Learning stable and predictive network-based patterns of schizophrenia and its clinical symptoms.

Schizophrenia is often associated with disrupted brain connectivity. However, identifying specific neuroimaging-based patterns pathognomonic for schizophrenia and related symptom severity remains a challenging open problem requiring large-scale data-driven analyses emphasizing not only statistical significance but also stability across multiple datasets, contexts and cohorts. Accurate prediction on previously unseen subjects, or generalization, is also essential for any useful biomarker of schizophrenia. In order to build a predictive model based on functional network feature patterns, we studied whole-brain fMRI functional networks, both at the voxel level and lower-resolution supervoxel level. Targeting Auditory Oddball task data on the FBIRN fMRI dataset (n = 95), we considered node-degree and link-weight network features and evaluated stability and generalization accuracy of statistically significant feature sets in discriminating patients vs. CONTROLS: We also applied sparse multivariate regression (elastic net) to whole-brain functional connectivity features, for the first time, to derive stable predictive features for symptom severity.

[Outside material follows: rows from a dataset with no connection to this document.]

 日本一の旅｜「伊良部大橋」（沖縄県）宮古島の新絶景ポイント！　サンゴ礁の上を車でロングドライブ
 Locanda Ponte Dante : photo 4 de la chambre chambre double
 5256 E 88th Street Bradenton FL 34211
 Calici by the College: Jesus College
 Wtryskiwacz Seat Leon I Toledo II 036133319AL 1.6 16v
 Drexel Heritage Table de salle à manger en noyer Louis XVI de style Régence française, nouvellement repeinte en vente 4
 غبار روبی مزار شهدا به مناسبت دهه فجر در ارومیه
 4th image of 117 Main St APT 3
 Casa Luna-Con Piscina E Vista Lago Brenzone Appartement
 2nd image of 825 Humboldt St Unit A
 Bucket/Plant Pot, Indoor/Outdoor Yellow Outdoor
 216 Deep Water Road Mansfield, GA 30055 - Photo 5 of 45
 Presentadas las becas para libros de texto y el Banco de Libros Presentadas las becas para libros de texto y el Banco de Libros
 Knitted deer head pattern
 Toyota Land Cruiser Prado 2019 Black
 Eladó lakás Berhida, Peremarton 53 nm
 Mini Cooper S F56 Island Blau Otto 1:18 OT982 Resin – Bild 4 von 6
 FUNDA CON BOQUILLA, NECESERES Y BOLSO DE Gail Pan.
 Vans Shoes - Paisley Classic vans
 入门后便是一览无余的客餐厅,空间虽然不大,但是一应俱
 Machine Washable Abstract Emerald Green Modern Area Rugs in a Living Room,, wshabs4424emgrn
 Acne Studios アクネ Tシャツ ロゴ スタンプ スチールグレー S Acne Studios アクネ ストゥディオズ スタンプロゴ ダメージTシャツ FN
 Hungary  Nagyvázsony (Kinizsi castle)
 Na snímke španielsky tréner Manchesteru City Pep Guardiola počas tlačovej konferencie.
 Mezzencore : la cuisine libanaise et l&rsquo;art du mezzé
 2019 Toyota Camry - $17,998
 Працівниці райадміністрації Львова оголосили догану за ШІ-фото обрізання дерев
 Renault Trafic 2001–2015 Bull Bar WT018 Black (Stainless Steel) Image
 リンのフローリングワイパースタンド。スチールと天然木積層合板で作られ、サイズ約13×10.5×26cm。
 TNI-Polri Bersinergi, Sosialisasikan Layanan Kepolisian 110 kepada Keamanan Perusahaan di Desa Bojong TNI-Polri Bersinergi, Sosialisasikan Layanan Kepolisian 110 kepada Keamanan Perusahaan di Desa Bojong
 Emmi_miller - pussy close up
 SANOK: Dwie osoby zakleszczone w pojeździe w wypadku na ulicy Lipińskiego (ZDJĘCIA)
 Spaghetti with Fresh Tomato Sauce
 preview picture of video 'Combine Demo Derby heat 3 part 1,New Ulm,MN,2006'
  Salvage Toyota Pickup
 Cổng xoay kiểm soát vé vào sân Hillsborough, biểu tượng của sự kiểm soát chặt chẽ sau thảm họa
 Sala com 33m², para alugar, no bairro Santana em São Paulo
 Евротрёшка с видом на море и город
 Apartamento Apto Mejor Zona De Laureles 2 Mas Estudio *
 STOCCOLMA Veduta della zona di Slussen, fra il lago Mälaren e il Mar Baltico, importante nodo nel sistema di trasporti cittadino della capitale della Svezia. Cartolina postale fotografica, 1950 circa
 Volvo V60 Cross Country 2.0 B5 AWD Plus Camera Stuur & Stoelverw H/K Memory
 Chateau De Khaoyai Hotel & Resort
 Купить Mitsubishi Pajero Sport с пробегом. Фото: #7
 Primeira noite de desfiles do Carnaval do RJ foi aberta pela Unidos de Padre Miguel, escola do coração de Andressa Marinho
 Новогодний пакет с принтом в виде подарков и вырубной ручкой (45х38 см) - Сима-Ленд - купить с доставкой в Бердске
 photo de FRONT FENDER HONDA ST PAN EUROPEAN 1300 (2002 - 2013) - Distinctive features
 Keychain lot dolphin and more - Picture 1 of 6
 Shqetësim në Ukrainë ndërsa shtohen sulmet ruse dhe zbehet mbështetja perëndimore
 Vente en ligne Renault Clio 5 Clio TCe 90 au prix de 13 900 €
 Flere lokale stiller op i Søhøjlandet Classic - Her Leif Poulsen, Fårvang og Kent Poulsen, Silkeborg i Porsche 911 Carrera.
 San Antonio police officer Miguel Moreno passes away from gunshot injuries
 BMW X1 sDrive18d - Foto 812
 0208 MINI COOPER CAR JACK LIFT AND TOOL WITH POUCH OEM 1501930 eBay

Whole-brain link-weight features achieved 74% accuracy in identifying patients and were more stable than voxel-wise node-degrees. Link-weight features predicted severity of several negative and positive symptom scales, including inattentiveness and bizarre behavior. The most-significant, stable and discriminative functional connectivity changes involved increased correlations between thalamus and primary motor/primary sensory cortex, and between precuneus (BA7) and thalamus, putamen, and Brodmann areas BA9 and BA44. Precuneus, along with BA6 and primary sensory cortex, was also involved in predicting severity of several symptoms. Overall, the proposed multi-step methodology may help identify more reliable multivariate patterns allowing for accurate prediction of schizophrenia and its symptoms severity.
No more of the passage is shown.